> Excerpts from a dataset
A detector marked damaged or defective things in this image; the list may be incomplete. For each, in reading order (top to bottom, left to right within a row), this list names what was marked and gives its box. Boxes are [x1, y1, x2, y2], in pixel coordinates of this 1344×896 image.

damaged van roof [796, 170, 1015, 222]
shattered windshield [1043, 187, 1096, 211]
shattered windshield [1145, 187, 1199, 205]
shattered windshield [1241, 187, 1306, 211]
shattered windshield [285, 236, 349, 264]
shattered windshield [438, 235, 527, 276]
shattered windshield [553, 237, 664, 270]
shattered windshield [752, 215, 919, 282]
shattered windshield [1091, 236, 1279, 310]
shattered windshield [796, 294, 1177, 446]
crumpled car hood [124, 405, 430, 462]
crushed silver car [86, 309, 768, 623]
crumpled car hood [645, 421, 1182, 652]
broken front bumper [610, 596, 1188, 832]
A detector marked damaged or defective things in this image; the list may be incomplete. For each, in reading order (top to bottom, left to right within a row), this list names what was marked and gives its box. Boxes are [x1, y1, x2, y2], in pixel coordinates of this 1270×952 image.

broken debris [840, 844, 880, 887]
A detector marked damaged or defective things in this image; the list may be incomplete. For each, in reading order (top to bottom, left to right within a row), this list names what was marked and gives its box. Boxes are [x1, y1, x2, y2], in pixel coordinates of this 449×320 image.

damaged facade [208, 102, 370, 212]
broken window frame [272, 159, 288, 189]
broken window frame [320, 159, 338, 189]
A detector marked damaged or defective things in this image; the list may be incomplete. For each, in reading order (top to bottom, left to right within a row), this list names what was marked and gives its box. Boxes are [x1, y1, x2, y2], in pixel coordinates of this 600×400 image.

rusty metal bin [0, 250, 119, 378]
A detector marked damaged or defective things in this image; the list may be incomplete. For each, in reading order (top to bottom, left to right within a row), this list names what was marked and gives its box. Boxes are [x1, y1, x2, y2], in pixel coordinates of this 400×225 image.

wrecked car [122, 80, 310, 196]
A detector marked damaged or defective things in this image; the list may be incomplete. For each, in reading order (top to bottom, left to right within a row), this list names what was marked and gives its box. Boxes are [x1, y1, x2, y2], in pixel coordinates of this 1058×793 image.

> Aim of the task
Output exactly the lines above, from the one holding "this 400×225 image." through the end of the data, including the first and last.

> Exercise output
A detector marked damaged or defective things in this image; the list may be incomplete. For each, in reading order (top to bottom, left to right within a row), this list names what was marked and gives its box. Boxes are [x1, y1, x2, y2], in pixel coordinates of this 400×225 image.

wrecked car [122, 80, 310, 196]
A detector marked damaged or defective things in this image; the list may be incomplete. For each, in reading order (top to bottom, left to right within a row), this list names what was marked and gives its box. Boxes are [x1, y1, x2, y2], in pixel coordinates of this 1058×793 image.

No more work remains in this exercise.